The 29th-annual Music Festival last month brought an abundance of fresh musical fare to our communities. Sadly, there were many who missed out on the feast, and North Bend resident Carmen Matthews would like to do something about that.
Matthews joined the OCMA board of directors six months ago. He is a young, enthusiastic local musician with a compulsion to serve his community. And, in combination with fellow “twenty-something” board members Kevin Baker and Lisa Prinz, he delivers the promise of more and younger audiences to an organization unwilling to lie fallow.
OCMA Board President Karen Costello remembers talking with Matthews during a get-together with friends and family.
Such a positive energy music lover would make a total community advocate, Costello said to herself. So she drove over to the North Bend Dutch Bros. coffee stand Matthews manages.
“We need more community people who haven’t been involved,” she told him. “Would you consider?”
“Rock on!” Matthews replied. “Sweet!”
“They really carried a lot of weight,” Costello said of the young board members. “We’re thrilled to have them. We need their fresh perspective.”
For his part, Matthews reports that there was no doubt in his mind that he wanted to be a part of the music festival.
“I’m really excited for next year — I want to make it big,” he says. “I’m way jazzed. The orchestra concerts are a whole other level of excitement. I want to pack that place.”
Filling Marshfield High School’s more than 1,100-seat auditorium for a pair of classical music concerts is an admittedly tough row to hoe, but Matthews is game.
“Advertizing,” he declares. “Banners. And non-local advertizing... Medford, Ashland, Eugene. People will absolutely travel to see an orchestra of this caliber.”
He describes the thrill and inspiration he felt when the festival’s 80 musicians came together. “They played in time and in tune and with three rehearsals only! They amazed me. They don’t come here for the pay, they enjoy the city and the sights and the people.”
He remembers watching his mother, Mary Bonasera Matthews, who created and produced dance shows for North Bend High School for 16 years until her death in 2005.
“I saw what she did,” he says. “And it took lots of heart and soul. Time, energy ... I want to be a part of what goes on in my community. You gotta. If you want a skatepark, you have to work for it. You must be active. If you want music, you gotta participate.”
For Matthews, the summer music festival brought him “40 brand new friends,” including master cellist Andres Diaz.
“The most moving musical experience I ever had was watching Andres Diaz. And, don’t laugh,” warns Matthews, “but I told all my friends that Andres Diaz is the Jimmi Hendrix of the cello. His facial expressions! His body language! Every note he played, he was digging for it. And the orchestra behind him? They were digging it out, too. It was like watching a commander, leading his group.

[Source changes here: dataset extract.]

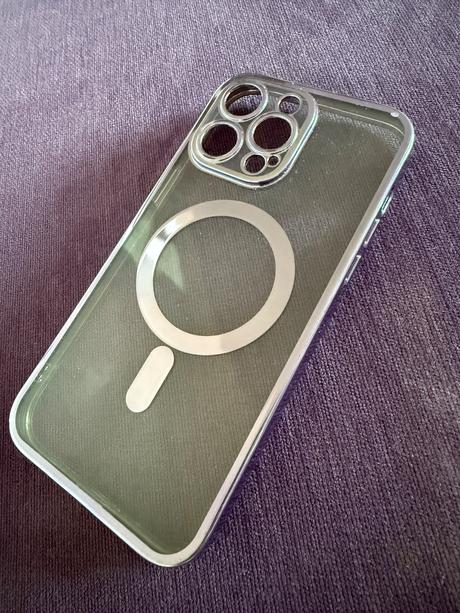 Kryty na iphone 14pro max, apple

“You can’t turn your back on that orchestra, on that music,” he said. “It’s too moving. Like watching a giant wave coming in. It’s powerful!”
Matthews wants to play more music for local children, so they can hear every type of music: everything from reggae, jazz, folk or Celtic.
“And the orchestra music, classical, is definitely the pinnacle,” he says. “I’d like to bring music to the table year round, so the festival has a face locally. We need a year-long presence and people more willing to help out financially.”
Controlled and careful exposure, thoughtful musical selections and a financially fertile membership base. That’s the way to grow an audience.